Modern RAM is believed, with much justification, to be reliable, and error-detecting RAM has largely fallen out of use for non-critical applications. By the mid-1990s, most DRAM had dropped parity checking as manufacturers felt confident that it was no longer necessary.
"The SDRAM and DDR modules that replaced the earlier types are usually available either without error-checking or with ECC (full correction, not just parity)."
The thing about ECC vs. non-ECC. If you don't have ECC, you don't know silent bit corruption is happening, and when it's finally (if it's ever) discovered, there's nothing that can be done. ECC (SECDED) keeps data safer than it would be otherwise.
ECC is necessary for anything real or important based on the financial cost of losing data. For everything else, it can be optional.
Plus, don't forget the security issues of bitsquatting and other attacks that are the real results of silent bitflips.
It’s a lot further than this though with unbuffered RAM, registered RAM in the mix affecting performance and such. Error detection and error correction are different and require different levels of parity codes. Standard RAM at one point (SIMMs in the 90s) detected errors but won’t ever correct them. ECC can detect more but error patterns and now correct error patterns up to so many bits.

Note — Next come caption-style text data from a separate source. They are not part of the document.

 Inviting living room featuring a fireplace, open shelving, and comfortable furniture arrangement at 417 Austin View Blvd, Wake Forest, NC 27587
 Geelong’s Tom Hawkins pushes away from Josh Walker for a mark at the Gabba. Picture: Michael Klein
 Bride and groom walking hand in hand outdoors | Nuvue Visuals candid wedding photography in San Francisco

The issues are more subtle beyond hardware though - your OS kernel has to understand the detection from the BIOS / EFI and if the motherboard manufacturer decided not to opt for wiring in the checksum fail signal you will run blind to data corruption that’s potentially really subtle on typical consumer hardware. With some BIOSes RAM failures result in a hard panic and will hard reboot the machine (the idea being a crash is better than continuing with an error).

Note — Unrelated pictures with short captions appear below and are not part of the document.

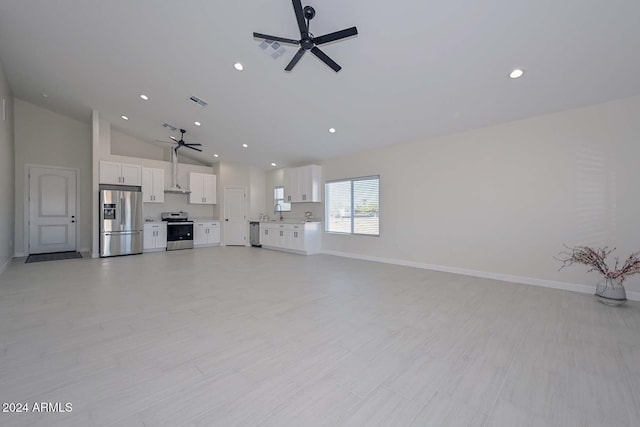 unfurnished living room with ceiling fan, sink, and high vaulted ceiling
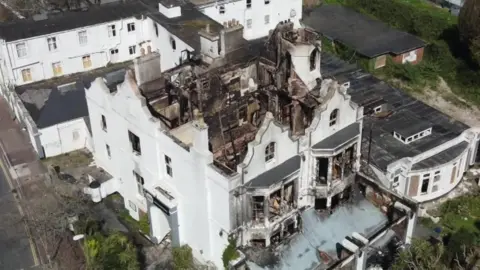 An ariel view of Sherwood Hotel with the burnt roof. The building is white and the inside is fire-damaged. There are white buildings surrounding the area. 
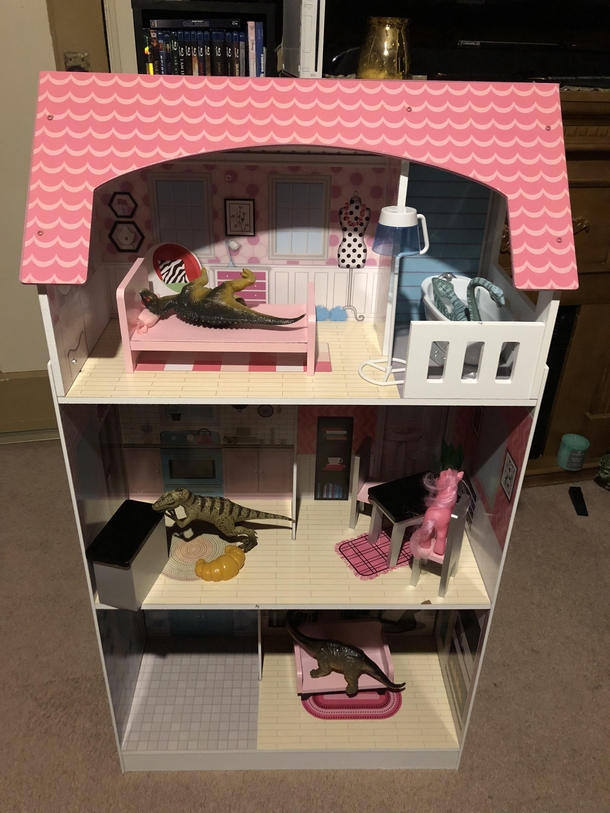My  year old sister loves dinosaurs but my parents got her a dollhouse for Christmas This is what I came home to tonight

For me, ECC (both UDIMM and RDIMM) today are so inexpensive it’s a no-brainer for builds for business.
Can't speak for the downvoters, but I think what beatgammit is saying is that, in cases where you care about data corruption in ZFS, you also care about data corruption in parts of the system that aren't ZFS. Like the memory maps of every piece of application software. Nothing about ZFS needs ECC, but the circumstances ZFS claims to protect against need ECC.
Exactly! You build a system with ZFS, because you need better defense against corruption, but without ECC, RAM will be the weak point in the system, so if you want the same level of guarantees, you need ECC, not because of ZFS.
How so? You have a file from source A acquired via network, external storage, disc, etc and you want to store it on a ZFS array. If the ram corrupts the file before ZFS can store it, then the destination checksum will not match the source checksum. In reverse, you load the file from ZFS and ram corrupts the data before transit, then the transmitted file's checksum will not match the source's checksum. In either event, a retry will likely solve the issue as its unlikely for the same exact bytes of physical memory to be used over and over again
> the destination checksum will not match the source checksum
There is no source checksum.
> transmitted file's checksum will not match the source's checksum
Most applications don't checksum their files when reading them.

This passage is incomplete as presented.